Second phase: the paranoid-schizoid position

The second phase of the psychotic dream and the group process simultaneously includes, in different forms and variations, many of those elements that are characteristic of the paranoid-schizoid position. This position is known to be governed by a dynamic that stems largely from the split which appears to have been achieved for the first time between the subject and the object, and from the sense of persecution felt by the subject from both the “good” and the “bad” object.

 

The psychotic dream at this phase denotes the existence of a split between the subject and object or, to be more precise, between his infant self and the maternal body (breast). By virtue of the split, as denoted again by the dreams in this phase, the mirroring of the subject in the maternal object begins to be achieved for the first time in the sense that the former, which has ceased to be fully absorbed by the latter, can see itself in the rudimentarily symbolic, although still physical, dimension of the latter as a part object. This already constitutes an adequate screen, so that the subject can be mirrored (represented) on it through his dream. It is a dream which, while retaining its physical dimension, also has a primary mental (symbolic, representational) character which at this phase, reflects the subject within the context of a narcissistic symmetry against a background that remains more or less persecuting: this body or penis that persecutes me in order to kill (devour) me is ultimately my own body-penis. Thus the subject can proceed to a first ideogram of the primal scene, i.e. to an early Oedipal stage.

 

Third phase: The depressive position

The third phase of the psychotic dream and the group process is based on many of those elements that constitute the depressive position.
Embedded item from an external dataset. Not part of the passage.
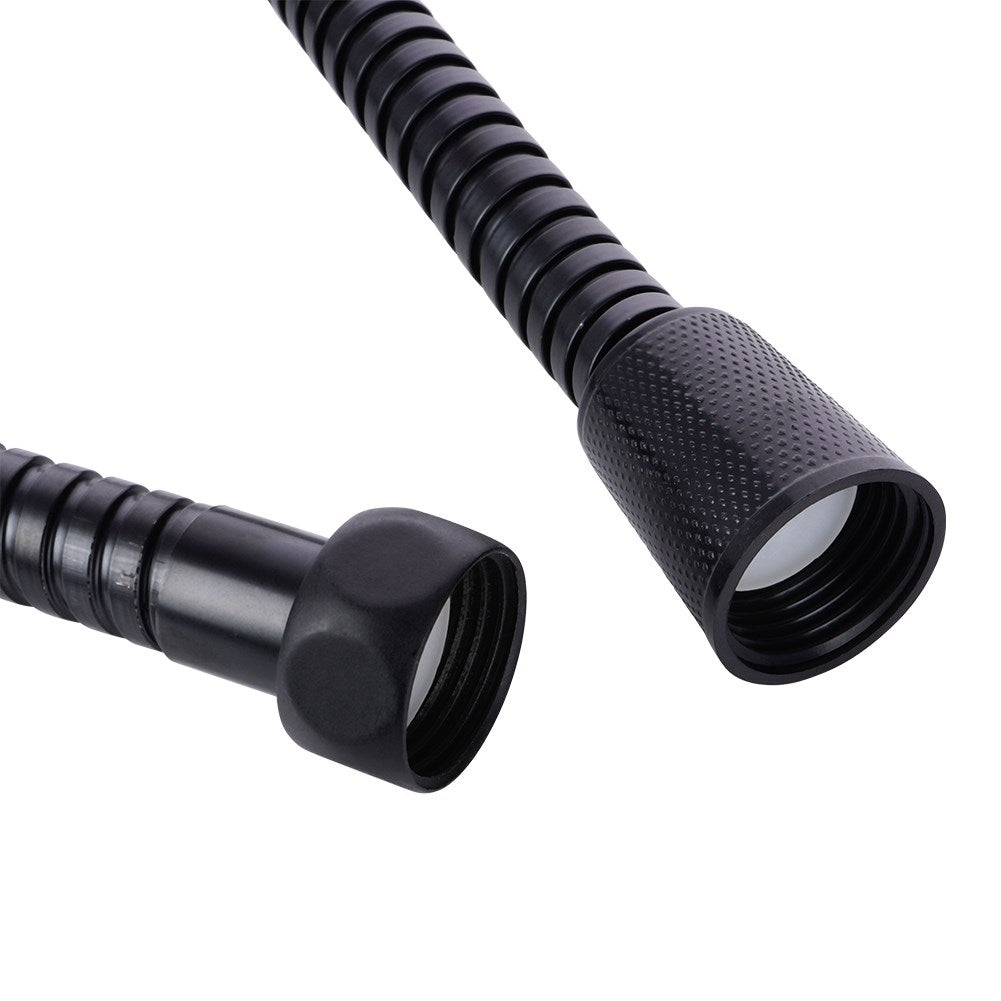 Black stainless shower hose 150 cm, standard threads 1/2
This happens in such a way that both the dream and the group as a whole, to which the dream is submitted and through which it is largely derived, gradually take on the features that prepare for the neurotic phenomenology of the dream process, even though not completely, and in a form that remains fluid.

 

In the psychotic dream of this phase, as in the neurotic dream, the screen – i.e. the imaginary container on which dream actions (part of one’s self) are projected – has become much clearer, more stable and spacious. At the same time, these actions no longer unfold in the non-space-time dimension that characterises the psychotic dreams of the first phase, or in a space-time that remains fleeting and unstable, like that which distinguishes dreams in the second phase, but rather in a space-time whose outlines have become fairly clear and discernible. The screen (imaginary container) is thus transformed into something higher and more effective: a theatre stage or symbolic container.
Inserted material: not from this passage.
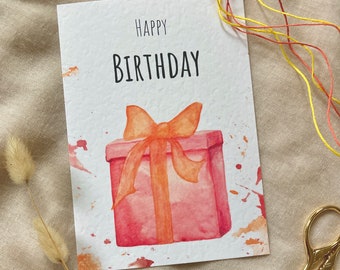 Geburtstagskarte "Happy Birthday" - Großes Geschenk - Aquarell Kunstdruck - Postkarte - Geburtstagsparty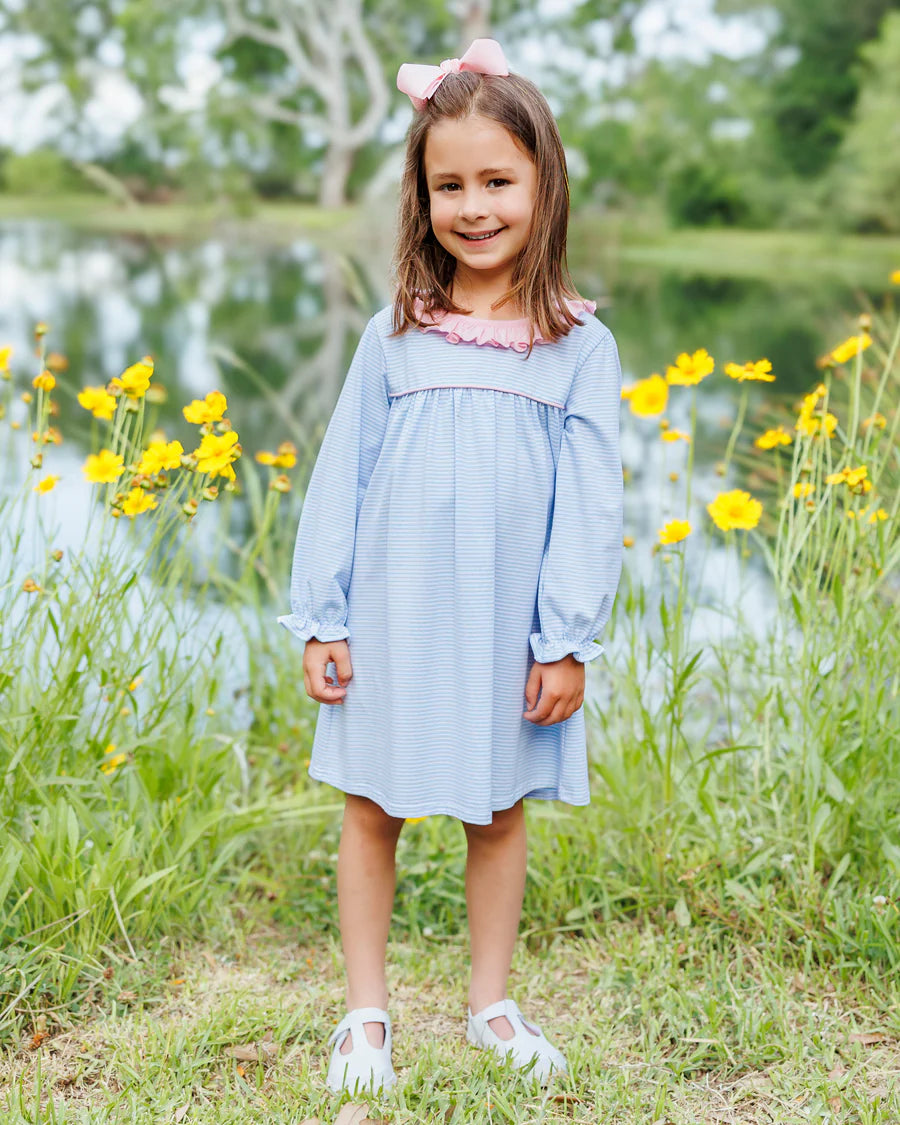 Jellybean Audrey Dress - Light Blue Stripe/Pink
In one sense, the psychotic dream has now begun to take on the first distinct features of groupishness. This should be attributed mainly to the fact that the subject, since he has already achieved an adequate primary split, can now represent the maternal object (screen/stage) better through a representation/screen rather than a representation in itself, and at the same time he can be represented through it (mirroring).

 

The mirroring of the subject is also illuminated by the presence of a father who is no longer in one form or the other, either an extension of the maternal body (penis or archaic, real, imaginary and symbolic father of the early Oedipal stage) or a pre-Oedipal father, but a signifier at least in the first version, i.e. the Name-of-the-Father (the Oedipal real, imaginary and symbolic father according to Lacan).

 

By extension, paternal intercourse (primal scene), even though it still takes place in the “darkness” inside the maternal body, can now be represented in such a way as to connote acceptance of the symbolic death of the parents with greater representational clarity and symbolism.